I arrived the night before to attend the expo. Downtown Indianapolis looked like an amalgamation of cities with which I was more familiar – the tight blocks of Cincinnati, the flatness and corporate feel of Columbus, the architecture of Louisville. Unlike all three though, everything was in close proximity to each other. Outside of the trendy Massachusetts Avenue (Mass Ave) district, the nightlife was concentrated within several blocks. This gave Indy an alive appearance, with all the city’s merrymakers in close quarters, reveling in the big chains like Yard House or Rock Bottom that have become ubiquitous with rust belt downtown revival. The nearest cities are much more nodal, with pockets of hip separated by rolled up sidewalks in between. The concentration was surely convenient for workers and residents, but to a visitor the downtown seemed a bit generic. Clean and safe, but generic -as if I were dropped in any other Midwestern city with a recently revived center.
This perception changes when turning onto Meridian Street in full view of the Soldiers and Sailors Monument. I had seen pictures of it many times – its image is on practically every piece of info about visiting the city. St. Louis has the arch, Indianapolis has the monument. It is even featured in the marathon’s name – locals don’t ask if you’re “Running the Indianapolis Marathon” but if you’re “running Monumental.”
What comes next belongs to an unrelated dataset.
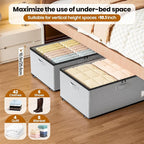 Dayacoco Underbed Storage with Wheels, 2 Pack Under Bed Storage Containers with Clear Lids, No Assembly Required 10.1 inch Rolling Under Bed Storage for Clothes, Grey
I was surprised at how tall and imposing it was in person. At only fifteen feet shorter than the Statue of Liberty, it is an easy waypoint in the flat downtown. Monument Circle, which surrounds the obelisk, looks more European city center than cow town crossroads. The area is well lit at night with horse drawn carriage rides and outdoor dining around its circumference. This area is the city’s identity, and rightfully so.
There were quite a few street performers in the vicinity of the circle, some more talented than others. I witnessed a pickup hip hop dance show where the artists encouraged passersby to join in. A large woman in a drug rug was playing drums and, with a jovial smile told me to “have a blessed day!”
“You too” I responded, grateful for the pleasantry.
“If I don’t get a cigarette, I’m gonna lose it!” she said, laughing and not breaking the beaming grin. I said I couldn’t help her there and she kept smiling and giggling as I walked away. “Gonna lose it!” she said once more. Seemed to be a bit of a belated concern.
After grabbing some food and checking out the marathon expo, I plugged in the address for my Airbnb and discovered how easy Indianapolis is to navigate. Meridian street runs due north past Monument Circle, through the city and well into the suburbs with just one slight bend to bridge the White River before immediately correcting itself onto its original axis. All I had to do was to follow it for ten miles then make a left.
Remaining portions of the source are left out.